* **PROBLEM REQUIREMENTS**
Repeat the listing that follows character for character, omitting images.

* **INFORMATION SHOWN**
==============================

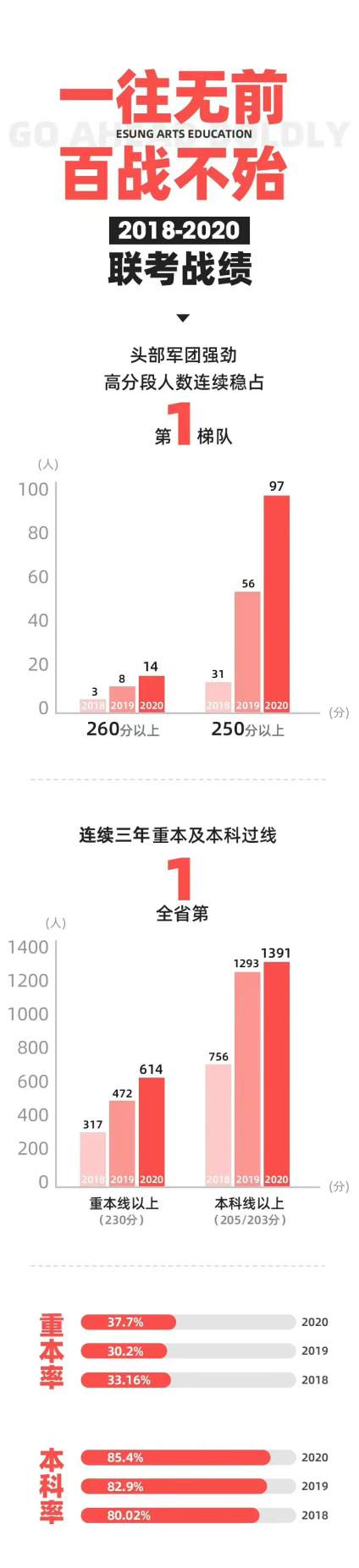 早上好[愉快]恭喜同学们顺利录取[玫瑰] 但如果不满意想要再次冲刺高考的 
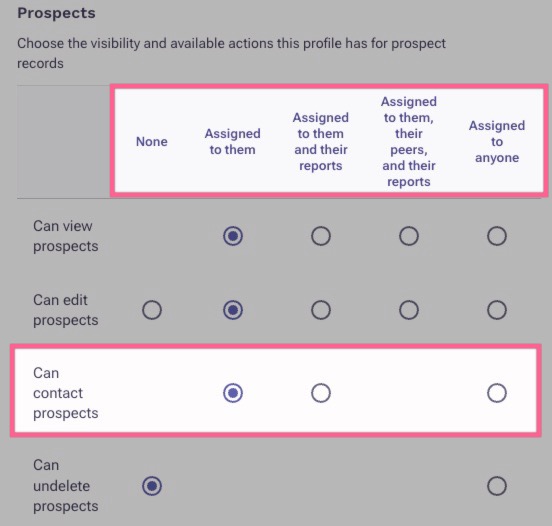Administration - Outreach 2024-02-01 at 9.30.13 AM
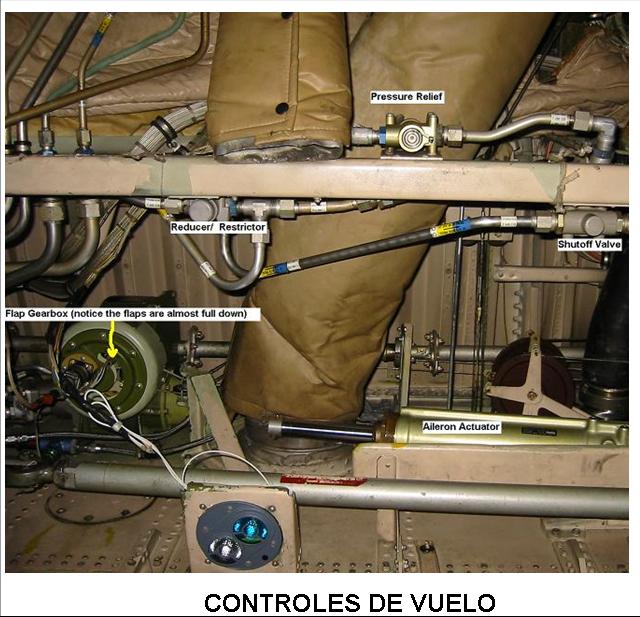 util control tuberias aeronautica controles de vuelo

==============================

* **RESULT OF THE EXERCISE**
 早上好[愉快]恭喜同学们顺利录取[玫瑰] 但如果不满意想要再次冲刺高考的 
Administration - Outreach 2024-02-01 at 9.30.13 AM
 util control tuberias aeronautica controles de vuelo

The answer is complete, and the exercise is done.